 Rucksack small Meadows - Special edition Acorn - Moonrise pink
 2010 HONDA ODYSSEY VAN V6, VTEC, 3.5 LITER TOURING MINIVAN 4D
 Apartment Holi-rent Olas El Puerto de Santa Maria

* * *

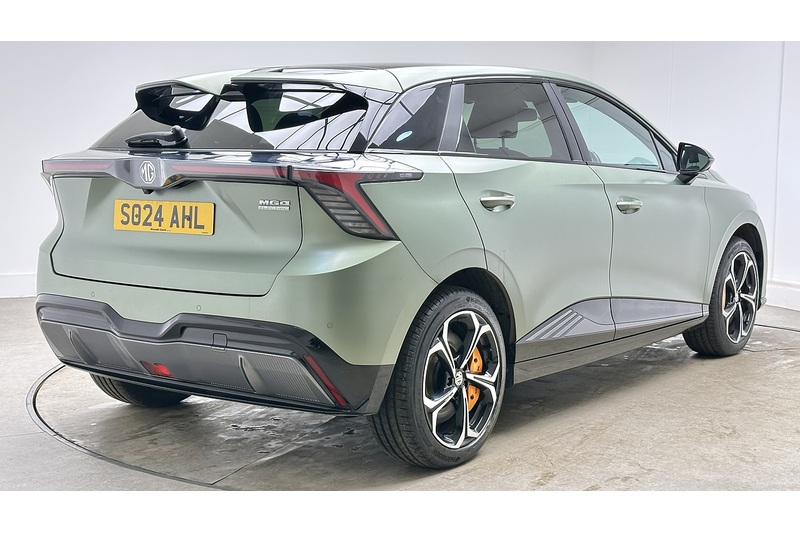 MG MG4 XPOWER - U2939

---

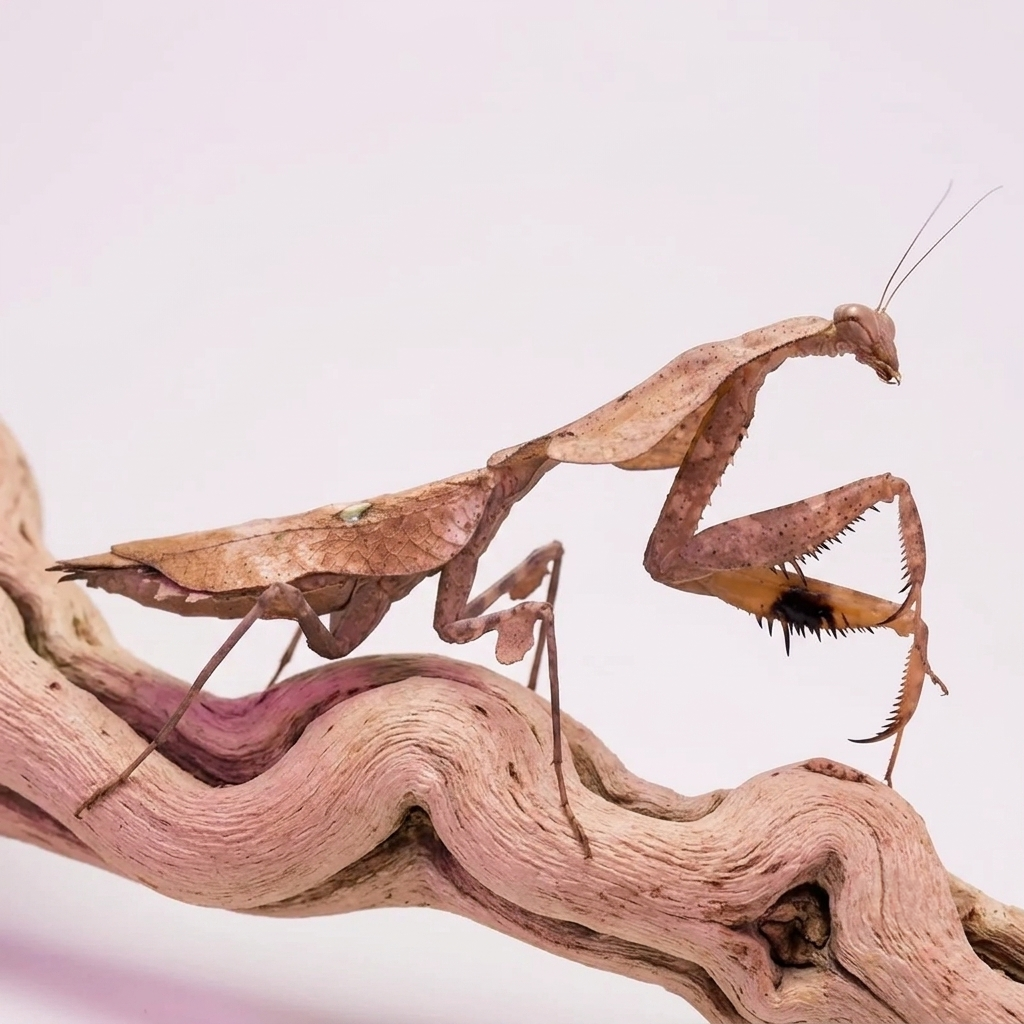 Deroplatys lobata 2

* What you are asked to do:
Only those lines of the entries above that run from the line containing "Rucksack small Meadows" to the line containing "Apartment Holi-rent Olas", both included, should be transcribed exactly.

* Result of the task:
 Rucksack small Meadows - Special edition Acorn - Moonrise pink
 2010 HONDA ODYSSEY VAN V6, VTEC, 3.5 LITER TOURING MINIVAN 4D
 Apartment Holi-rent Olas El Puerto de Santa Maria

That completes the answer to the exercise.